Solicitando a atenção de V. Ex. para esse assunto, ressalvo a responsabilidade do Governo Fluminense, certo de que V. Ex. providenciará como melhor lhe parecer em seu alto critério. Prevaleço-me do ensejo para apresentar a V. Ex. os protestos de minha viva simpatia pessoal e distinta consideração.
Vamos concluir
Toda embarcação é, em geral, considerada um símbolo de vitalidade: nasce, batiza-se, vive a vida pacífica na calma do fundeadouro seguro ou navegando em mar bonançoso, ou acidentado, resistindo ao temporal no porto ou no oceano; presta-se a representar todos os fatos em que figuram os homens que se notabilizam pelos feitos de toda ordem: é o teatro de cenas comoventes, como também heroicas em que salvam a pátria, enriquecem-na, enobrecem-se e a glorificam, pelo que também recebem as maiores distinções honoríficas ou são eternamente guardadas e conservadas como penhor de gratidão e objeto de admiração; por fim morrem como o homem, de velhice, ou por moléstia e acidente na tempestade ou na guerra.
Assim, pois, abaixo das obras da natureza, os navios - artefato do homem - são o que mais se lhe assemelham, com a diferença de que, enquanto a raça humana mais se propaga, mais fisicamente definha, na ordem inversa estão as embarcações, tanto mais decrescem relativamente ao número, quanto mais se avolumam em grandeza material e mecânica.
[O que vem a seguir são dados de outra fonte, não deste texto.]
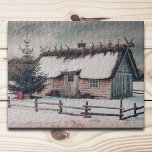 Weihnachtsweihnachtszene mit Hütte<br><div class="desc">Ein Rätsel mit einem Vintage-Bild einer schneebedeckten Landschaft mit Hütte, Strohdach und Holzzaun, Button und einigen Geschenkpaketen. Der Himmel funkelt vor Sternen. Es wird perfekt als Geschenk für ein Puzzle süchtig!</div>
É por isso que as primitivas flotilhas indígenas de ubás, e canoas, foram substituídas pelas faluas, saveiros e perus, barcos e pranchas. Vieram as ligeiras lanchas e velozes iates a vapor precursores das primeiras barcas que cruzaram a nossa baía. Apareceram os mastodontes de guerra e de transporte.
Que diferença alucinadora entre as pirogas de casca de árvores e os monstros marinhos artificiais que mergulham, como cetáceos, até o fundo das quietas águas guanabarinas e os albatrozes mecânicos que deslizando à flor d'água, erguem voos serenos e somem-se em demanda do Cruzeiro do Sul!
Manoel Benício, originalmente publicado na 'Revista Marítima Brasileira' em julho de 1919. Na imagem de Capa, a Barca Primeira, construída em 1862, em foto de 1905.